By: Catherine He
“Are Asians people of colour?”
That was a question that I received just a few days ago, but haven’t been able to stop thinking about since. When I first heard the words spill out of their mouth, I genuinely didn’t know how to respond. Was this a question that was still being debated, despite everything that the AAPI community has been enduring, events that have occurred extremely recently?
I realized that while this question might be exceedingly straightforward to Asians and other minorities, the answer may not be so cookie-cutter for individuals who do not fully understand the true meaning of racism, and what it means to be discriminated against. The most important part of this equation is that this question was asked; the desire to become informed was present. It is okay to not know as long as you are willing to be educated. Today, we will be breaking down this question and the long history behind it.
So what is a POC?
POC is an acronym that stands for “People of Colour.” The term became popularized in the 2010s, and is used in many English-speaking countries to highlight and emphasize the shared experience of systemic racism. Given this, it can be understood that the POC is an umbrella term for any person who is not considered to be “white.”
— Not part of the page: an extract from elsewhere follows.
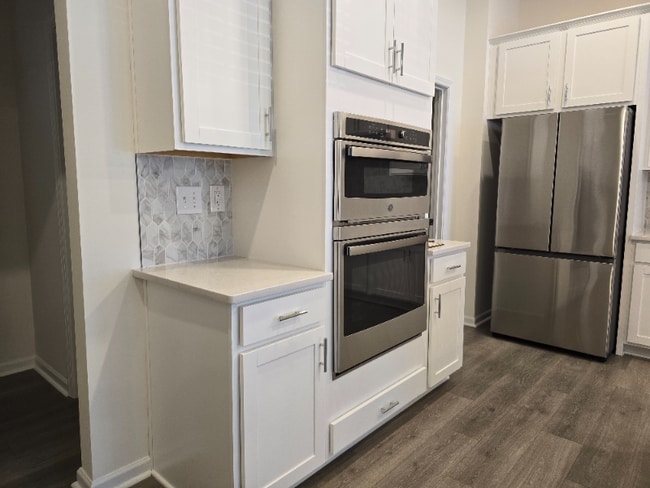 Building Photo - 8958 Morning Mist Rd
Oftentimes, POC have been subject to historic marginalization that the average “white” individual has not. Take Black Americans for example – they have had to fight an incredibly disappointing amount of discrimination to get to where we are today. From slavery to the civil rights movement, Black people are a group that have been historically marginalized – associated with lower and the peripheral edge of society.
The Model Minority Myth
Now, you may be thinking, “Have Asians ever been marginalized?” Thinking back, there may not be anything widely taught in schools like slavery and the civil rights movement, but that is on purpose. Many people are just unknowledgeable on historical events that have impacted the Asian community in the past, and this has everything to do with being classified as a model minority.
As beautifully explained by Learning For Justice, the “model minority” is a myth that has been instilled into our thoughts for centuries on end.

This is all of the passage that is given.